W Poznaniu, drugie kolejne mistrzostwo gry podwójnej w turnieju PZT Polish Tour zdobyli Jan Zieliński oraz Piotr Matuszewski. Para rozstawiona z numerem pierwszym pokonała waleczny duet Szymon Kielan-Filip Kolasiński. W nagrodę Zieliński i Matuszewski otrzymali do podziału czek o wartości czterech tysięcy złotych.
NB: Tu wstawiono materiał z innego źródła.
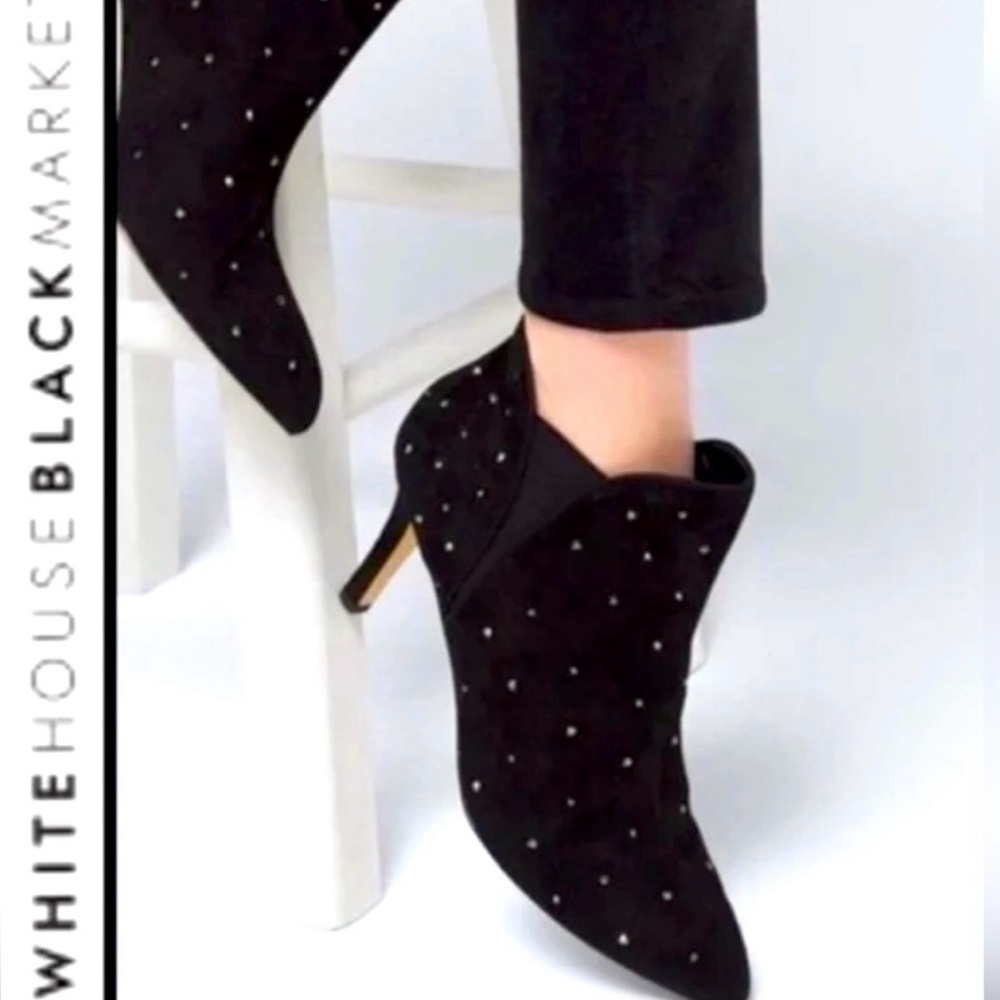 White House Black Market Laila Suede Rhinestone Women’s Black Ankle Boots Size 7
Wartym odnotowania jest fakt, że wygrana w Poznaniu zapewniła Zielińskiemu piąty tytuł deblowy z rzędu.
Z powodu opadów deszczu spotkania rozgrywane były na pięciu kortach pod dachem – trzech twardych i dwóch ziemnych.
Porażka Pawła Ciasia w pierwszej rundzie
Pierwszego dnia sprawcą prawdziwej sensacji był Piotr Matuszewski, który w pełnym słońcu, po trzysetowym meczu wygrał z ubiegłorocznym mistrzem Polski – Pawłem Ciasiem.
Kaliszanin przegrywał w pewnym momencie już nawet 3:6, 3:5 i był o dwa punkty od przegrania meczu, ale w ostatnim momencie odrobił stratę przełamania i odzyskał wiarę w sukces. Jak się później okazało, wyboista droga do drugiej rundy wiodła przez dwa zacięte tie-breaki, które Matuszewski wygrał odpowiednio do pięciu i sześciu. Mecz z Ciasiem trwał zdecydowanie ponad trzy godziny. Spotkanie drugiej rundy z 18-letnim Grzegorzem Rudnickim było dla Matuszewskiego dużo mniej męczące. Wicemistrz Polski do lat 23 pewnie pokonał szczecinianina i awansował do ćwierćfinału gry pojedynczej.